C. Manfaat Pentingnya Takhrij Al-Hadits
            Hadis merupakan salah satu sumber agama Islam. Ilmu takhrij al-hadis merupakan bagian dari ilmu-ilmu hadis yang penting untuk dipelajari dan dikuasai, karena di dalamnya mengkaji berbagai kaidah untuk mengetahui dari mana sumber hadis itu berasal. Selain itu, di dalamnya ditemukan banyak kegunaan dan hasil yang di peroleh, khususnya dalam menentukan kualitas suatu hadits.
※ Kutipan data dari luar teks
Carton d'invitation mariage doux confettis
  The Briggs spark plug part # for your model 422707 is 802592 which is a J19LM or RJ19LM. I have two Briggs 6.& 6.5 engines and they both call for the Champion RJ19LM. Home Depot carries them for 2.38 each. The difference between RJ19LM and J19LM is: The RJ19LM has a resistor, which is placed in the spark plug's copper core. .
Mengetahui masalah takhrij, kaidah dan metodenya adalah sesuatu yang sangat penting bagi orang yang mempelajari ilmu-ilmu syar’i agar mampu melacak suatu hadis sampai pada sumber aslinya. Kebutuhan takhrij adalah penting sekali, karena orang yang mempelajari ilmu hadis tidak akan dapat meriwayatkannya, kecuali setelah mengetahui ulama-ulama yang telah meriwayatkan hadits dalam kitabnya dengan dilengkapi sanadnya. Karena itu, masalah takhrij ini sangat dibutuhkan setiap orang yang membahas atau menekuni ilmu-ilmu syar’i dan yang sehubungan dengannya.[9] Dengan demikian, takhrij al-hadis memiliki manfaat yang sangat penting, di antaranya adalah:
1. Mengetahui asal-usul riwayat hadis. Suatu hadis akan sangat sulit diteliti status dan kualitasnya apabila tidak diketahui asal-usul pengambilannya. Dengan demikian sanad dan matan hadis tersebut juga sulit diketahui sumber dan kualitasnya. Maka takhrij hadis sangat diperlukan untuk melacak asal-usul riwayat sanad dan matan hadis dalam kitab sumber.[10]
2. Mengetahui seluruh rawi. Hadis yang akan diteliti mungkin memiliki lebih dari satu sanad. Takhrij hadis sangat dibutuhkan untuk melacak dan mengetahui kualitas sanad dari masing-masing rowi/periwayat hadis.[11]
3. Mengetahui Syahid dan Mutabi’ dalam sanad. Jika hadits yang diteliti memiliki riwayat lain yang mendukung sanad-nya, maka riwayat yang pertama (Sahabat Nabi) pada hadits tersebut disebut sebagai syahid. Abila riwayat lain yang mendukung sanad-nya terdapat di bagian bukan periwayat tingkat sahabat, disebut sebagai mutabi’. Syahid dan mutabi’ merupakan sanad yang kuat. Tanpa dilakukan takhrij hadis, maka tidak dapat diketahui secara pasti seluruh sanad untuk hadis yang diteliti.[12]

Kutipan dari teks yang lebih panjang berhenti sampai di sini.